I purchased the Thunderhead backpack prior to the release of the Yeti backpack. Not sure if that would have changed my mine or not. The Fishpond pack includes attachment points on the bag for other Fishpond packs/slings/spare rod holders which come in handy, as well as rod tube holders on the side of the bag. It also comes with a removable hip belt which is a plus when lugging heavy weight for long periods. The interior has a small clear zippered pouch, but no other forms of dividers.

The Yeti Panga backpack seems significantly smaller/thinner then the Fishpond backpack.

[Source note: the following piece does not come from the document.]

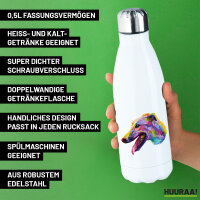 Edelstahl-Trinkflasche Greyhound Colorful 500ml Wasserflasche
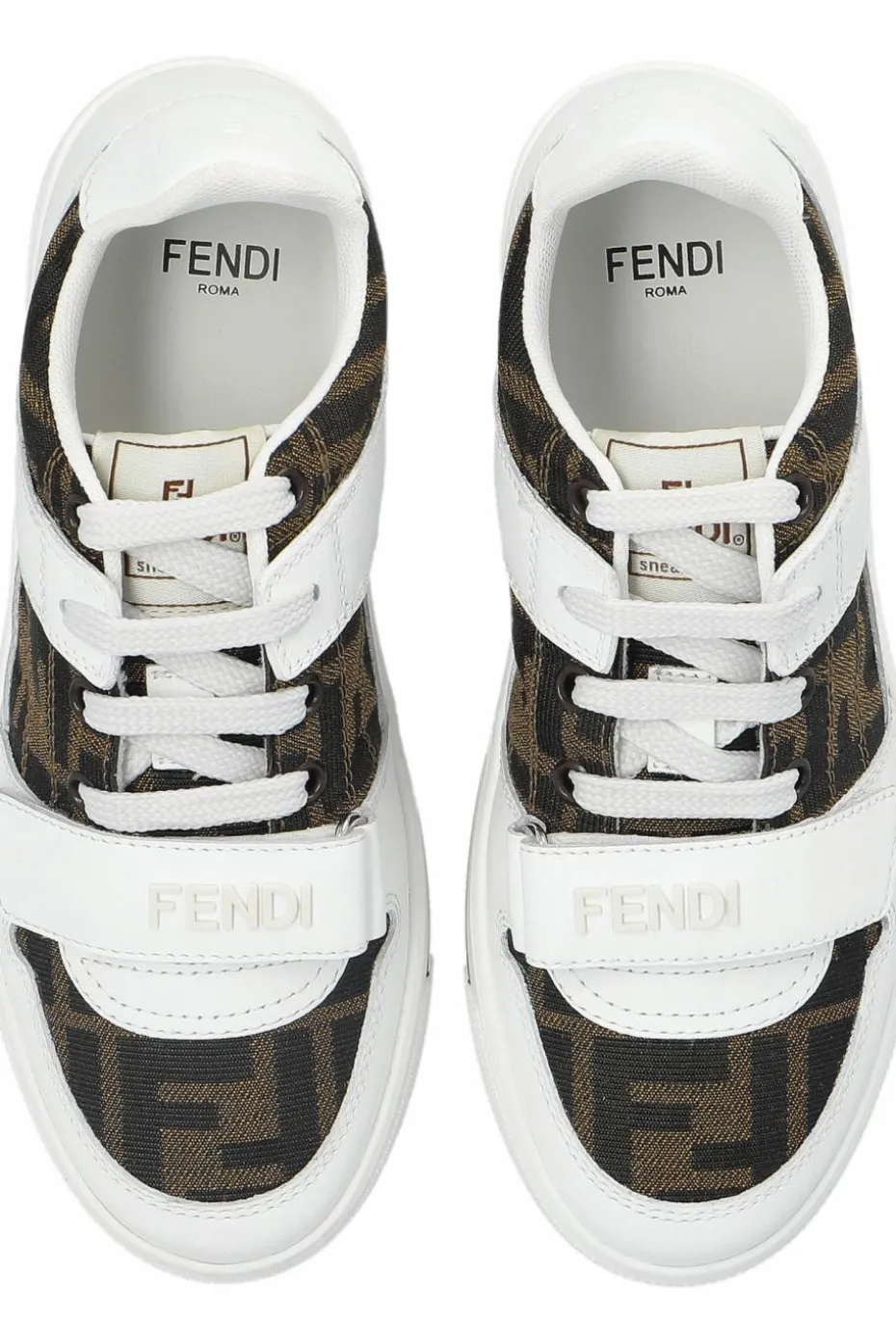 Fendi Kids WHITE Sneakers with logo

The Fishpond backpack is on the larger side while the Yeti backpack is more of a standard "bookbag" in regards to size. You can pack a ton of stuff in the Fishpond. This could be both a pro and a con. The only other thing about the Yeti backpack i think i would like is the interior "laptop" pocket. I use my Fishpond backpack a lot for traveling, and an interior pouch/divider for a laptop would be nice.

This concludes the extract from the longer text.